== Material provided ==
------------------------------------------------

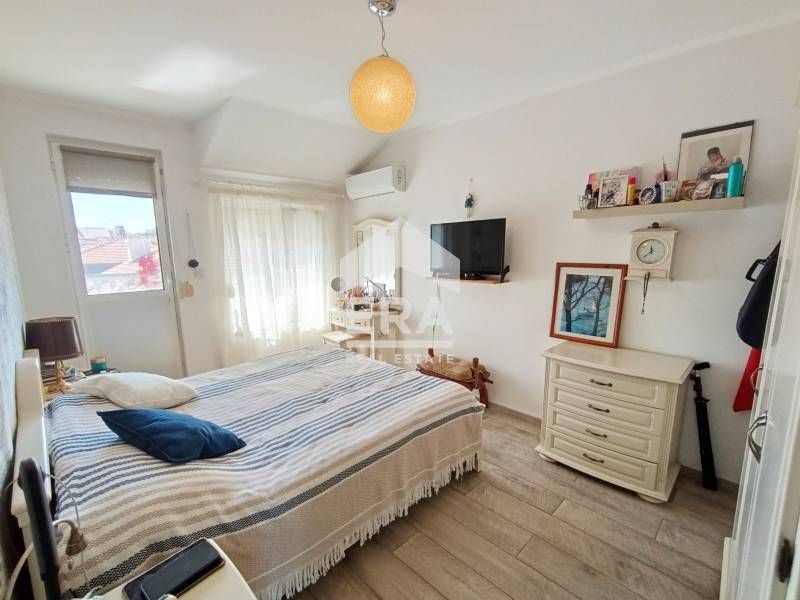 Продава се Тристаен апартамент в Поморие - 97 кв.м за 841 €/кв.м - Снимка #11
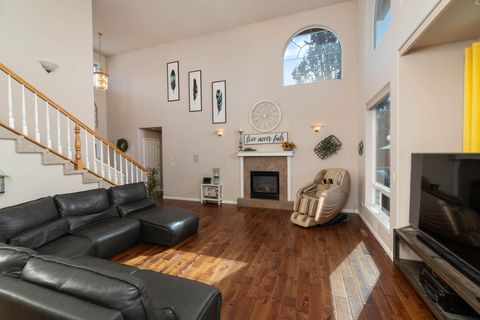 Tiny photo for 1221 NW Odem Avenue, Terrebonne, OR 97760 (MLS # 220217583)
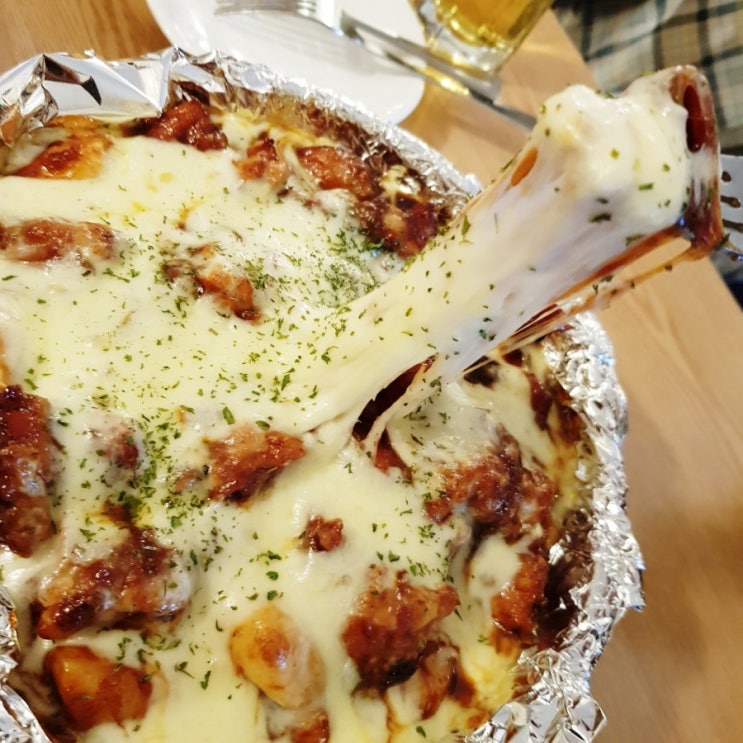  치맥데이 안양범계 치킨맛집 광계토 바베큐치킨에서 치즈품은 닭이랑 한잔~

------------------------------------------------

== Work task ==
In full and without changes, repeat the listing above, but not its pictures.

== Worked solution ==
 Продава се Тристаен апартамент в Поморие - 97 кв.м за 841 €/кв.м - Снимка #11
 Tiny photo for 1221 NW Odem Avenue, Terrebonne, OR 97760 (MLS # 220217583)
  치맥데이 안양범계 치킨맛집 광계토 바베큐치킨에서 치즈품은 닭이랑 한잔~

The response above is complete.